Ok.. I'm going to be up front and let you know that I am not the most experienced with Linux, let alone Gentoo.  But I can usually learn quick.  Now.. onto the problem I am having.  I'm a college student running some gameservers for my clan on my college network (Dual OC-3's and a T3), so I like to use the bandwidth.  The problem is that even though they have assloads of bandwidth, they only give students about 100kb/s upload, not enough for what I want to do.  So I put in a few NIC and it seemed to work fine on Windows.  I just migrated to Linux, since after testing on another machine it seemed to run the gameservers MUCH better.  The issue is that, since it is on the same network, they are trying to go to the same gateway, and I'm getting conflicts.  Route can't decide which address to send on or something... I'm not sure what exactly.  When I first boot, the damn thing wont even see ping outside the machine.  If I remove one of the routes, it only works for that remaining route (say if I remove the route entry for eth1, eth0 will still ping but eth1 will not).  This pretty much defeats the purpose, as I need to be able to send on individual IP addresses/interfaces to utilize the multiple cards.  Is there any way of doing this?  I've been trying for quite a while, but have still not had success.  I have iproute2 installed, and it is loaded via modules in /etc/conf.d/net, but no difference.  Running route takes forever to show the tables (if both routes are still in place; once I remove one default route it comes right up), but ip route pops right up.  I'm really at a loss of ideas... I'll gladly answer any questions/clarify anything that doesn't make sense.  Thanks for any ideas, Dan.Last edited by TBKDan on Wed Jan 11, 2006 11:27 pm; edited 1 time in total

----------

## jcampbell

RIT, huh? Mind you... you only have one jack to use, so you would need to be on a switch. The moment you do that, you are competing with yourself. A better idea would be to build a dedicated router and use your roommate's jack to double your bandwidth. You and your roommate could share a common gateway... and you each can register a NIC.
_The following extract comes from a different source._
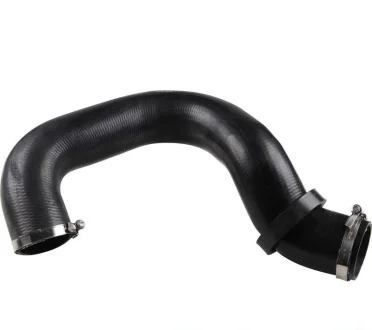 Патрубок інтеркулера (зверху) VW T5/T6 2.0 BiTDI/TDI 05-19 Пр. JP GROUP 1117708800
I would read this: http://linux.com.lb/wiki/index.pl?node=Load%20Balancing%20Across%20Multiple%20Links

----------

## TBKDan

Each IP gets 100kb/s, not jack.  Each NIC I have gets a diff IP, therefore more bandwidth.  Yes, I am going through a 12 port 3Com switch (gotta love eBay  :Very Happy: ), but I'm using nowhere near the max bandwidth for the switch itself.  Each IP in my dorm goes to the same gateway, there's no way around it, hence the troubles that I'm having  :Sad: 

*EDIT* Oh, and btw, I've thought about load balancing but I don't think that will suit my tastes, as since it's a gameserver I want just each server to have it's own, dedicated IP.

----------

## jcampbell

um... you're missing the point. RIT's intranet is on a gigabit backbone. This means that the trunk (core1 and core2 routers) and all branches are gigabit. So... life of a packet... leave your computer... hop to your floor's switch... hop to your dorm's switch... hop to dorm1 router... hop to core2 (usually)... hop to the inet1 gateway router... leave RIT. The bandwidth is capped on the hop from core2 to inet1 (depending on the subnet the packet originated from). Wireless subnets (residential side would be east1) are exempt from this cap.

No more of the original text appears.